July is a tough month. Many people are on vacation or want to be, the weather is at times unbearable for not only humans, but animals as well. Our patience runs short and everyone just wants to go swimming.
Growing up on my family farm, swimming did take place, but only after gardens were weeded, vegetables taken care of and morning chores were complete. On most days, swimming took place between 1 and 5 p.m. My siblings and I were very fortunate to have a father who realized that play was just as important as work and that there was a time for both. My Dad, not ever having learned how to swim, was adamant that his children would learn. His solution was to dig a farm pond; fully equipped with a floating raft, 15′ warf and a homemade slide that required climbing a 25′ ladder to get to the top in order to come down. I am sure that OCIA was not around at the time to regulate home entertainment. I must have climbed up and back down that ladder a couple dozen times before I was finally pushed down by one of my siblings.

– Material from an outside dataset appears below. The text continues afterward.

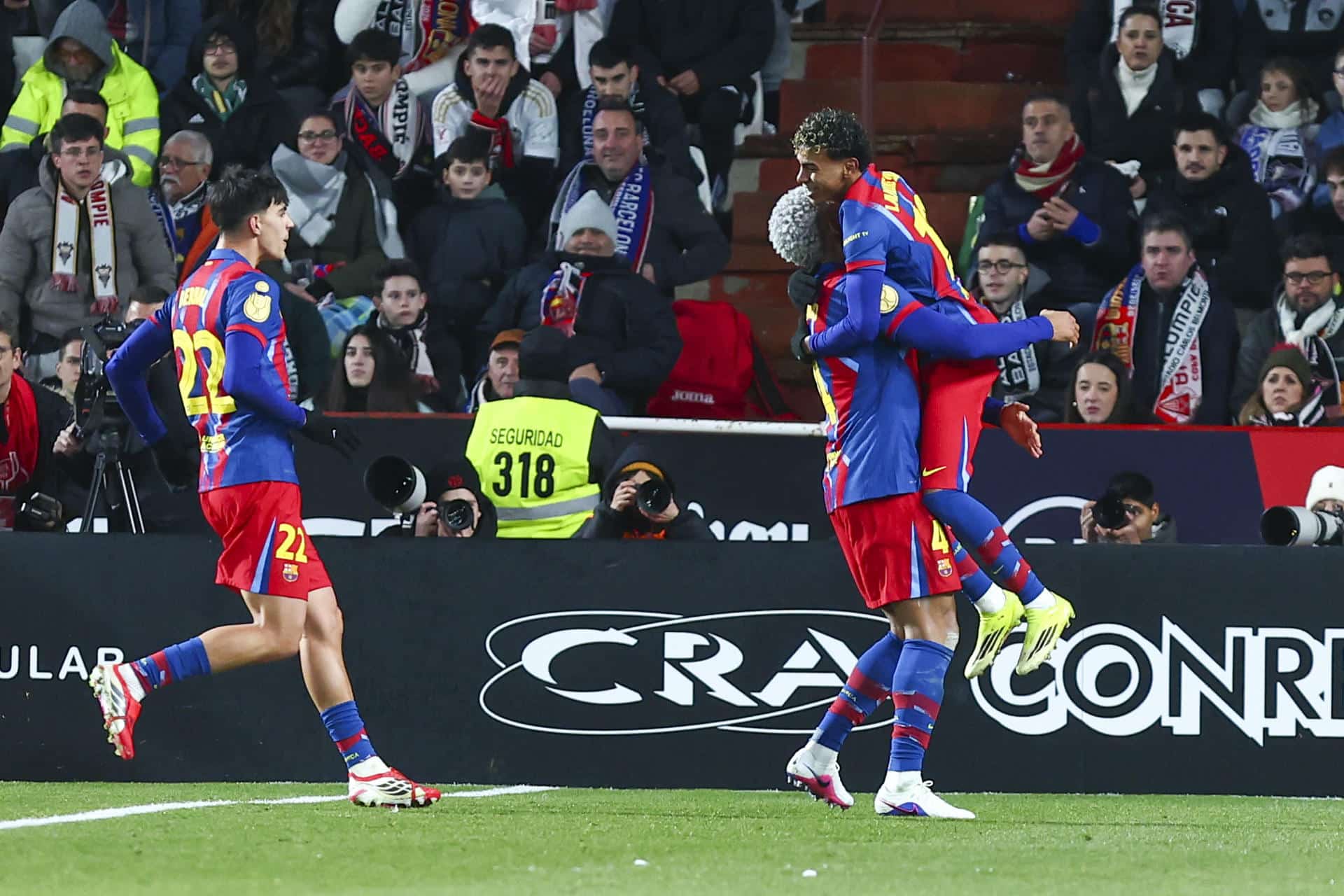 El defensa del Barcelona Ronald Araújo (c) celebra con Lamine Yamal (d) tras marcar el segundo gol, durante el partido de cuartos de final de la Copa del Rey que Albacete Balompié y FC Barcelona disputaron en el estadio Carlos Belmonte. EFE/Ismael Herrero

Did I mention the slide had no sides to it? Oh, and, you couldn’t hold on to the sides to slow yourself down because the edges of the wooden framed structure would give you splinters. The bottom of the slide was at least 6′ high, so do the math and figure out how far out we were propelled into the pond. Height x weight x velocity and see what you come up with. The answer= fear and joy. To this day, I am still not sure who my Dad thought would save us should one of us have troubles swimming. Did I mention my Dad couldn’t swim?
Having missed writing the week of Fathers Day, I felt it was only appropriate to share a memory of him as a Dad and to talk about how the experiences as children are what build our character into adulthood.
What I got most from being around my Dad was the idea of following your heart and doing what feels right. He followed his heart the day he left the paper mill, chose to come home to be with his family and start a home business that would allow for him to be at home and teach us important lessons in life; except for swimming. We somehow learned that on our own.
Here at our farm, we don’t have a slide from hell, but we do have a rope swing that requires all who participate to climb a 20′ leaning tree over the Nezinscot River. The end result is the same; Fear and Joy.